Generosity: The habit of giving freely without expecting anything in return. The definition is simple, but generosity and its repercussions are anything but simple;
generosity is powerful, and its impact goes way beyond the recipient. Generous people are happier; they are more engaged in the workplace or school, they develop stronger networks, and are more resilient in the face of stress. Generous people live longer, healthier lives. These benefits are not just limited to adults; in fact, generosity’s impact on youth is remarkable. Generous teens tend to have higher self esteem and to be more engaged in school, and generosity’s power moves even more deeply than that: Generosity makes people better human beings.

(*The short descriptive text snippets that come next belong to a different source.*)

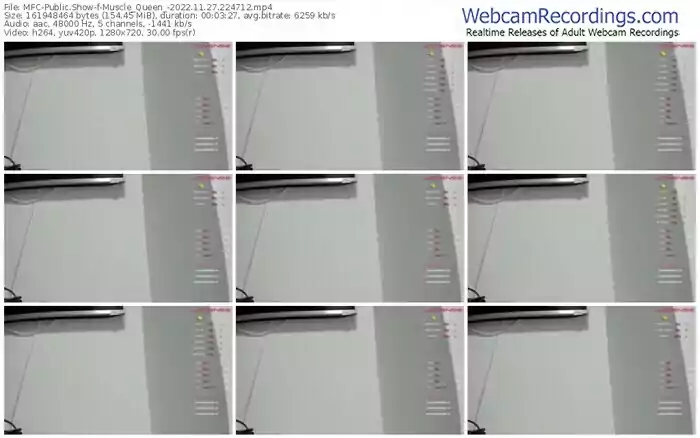 myfreecams-muscle_queen_-11-27-2022-22-47-12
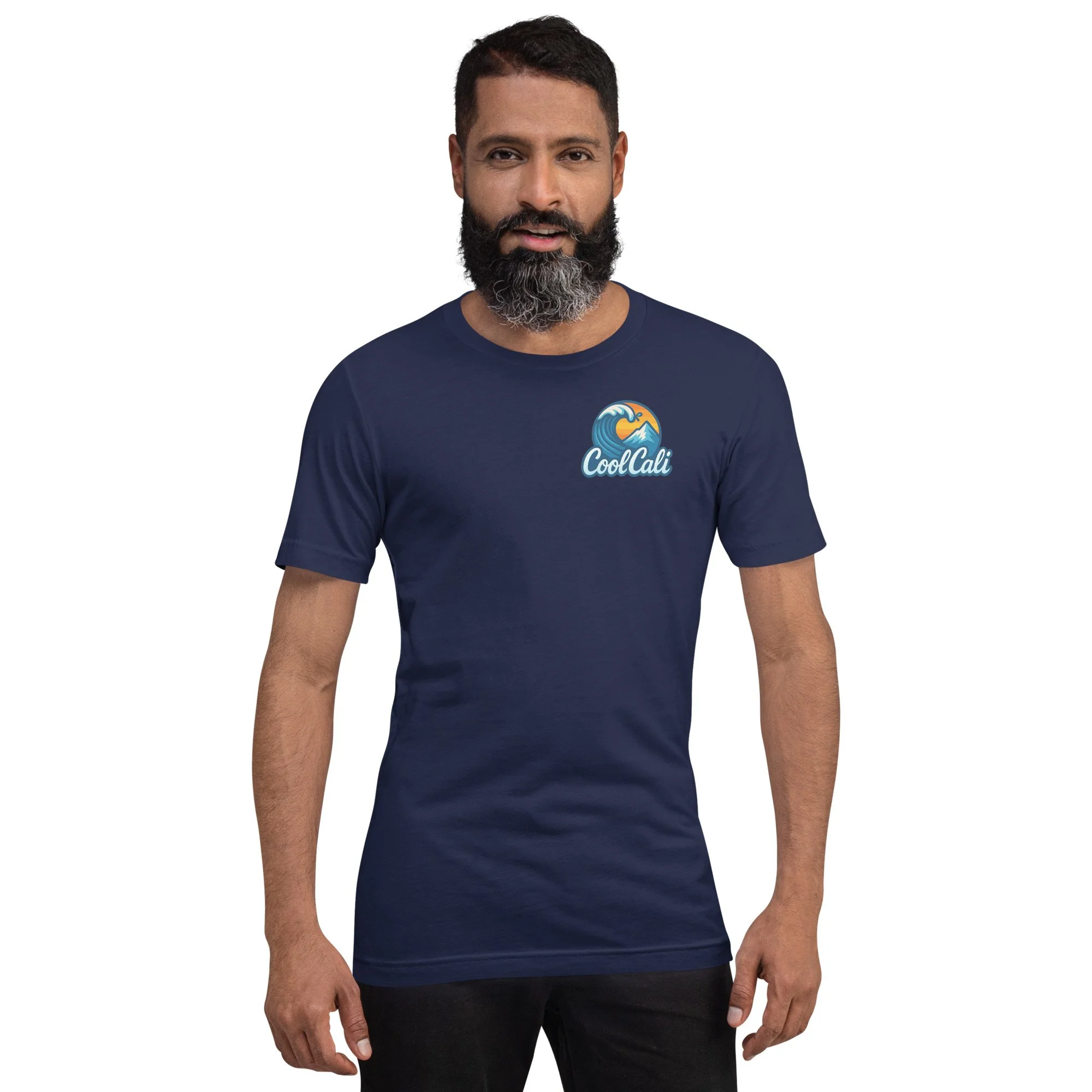 unisex-staple-t-shirt-navy-front-67e4f00c58e64.jpg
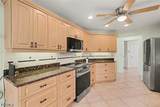 12001 Kingsway Circle - Photo 10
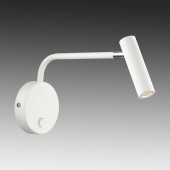 Бра Favourite Murum 1961-1W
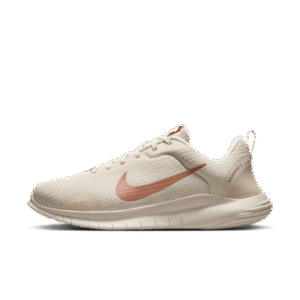 Nike Flex Experience...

Generosity requires one to look beyond one’s self; to consider the needs of another person, a community, or even of another species entirely. It’s easy to forget that youth need us to explicitly teach skills like these, to model them, and give them lots of opportunity for practice. Teaching generosity means immersing students in experiences where they can practice giving their time, talent, and experience giving treasure. So that they see the various ways they can be generous and begin to understand both how generosity can empower them and connect them to others.
By giving students the opportunity to practice generosity within their own community, we allow youth to be active citizens– to create or contribute to a solution for a local issue, to use their voice, their time, and their abilities towards good in the world. To become leaders who know how to make informed decisions, communicate effectively, engage across communities, and ultimately, understand that generosity matters.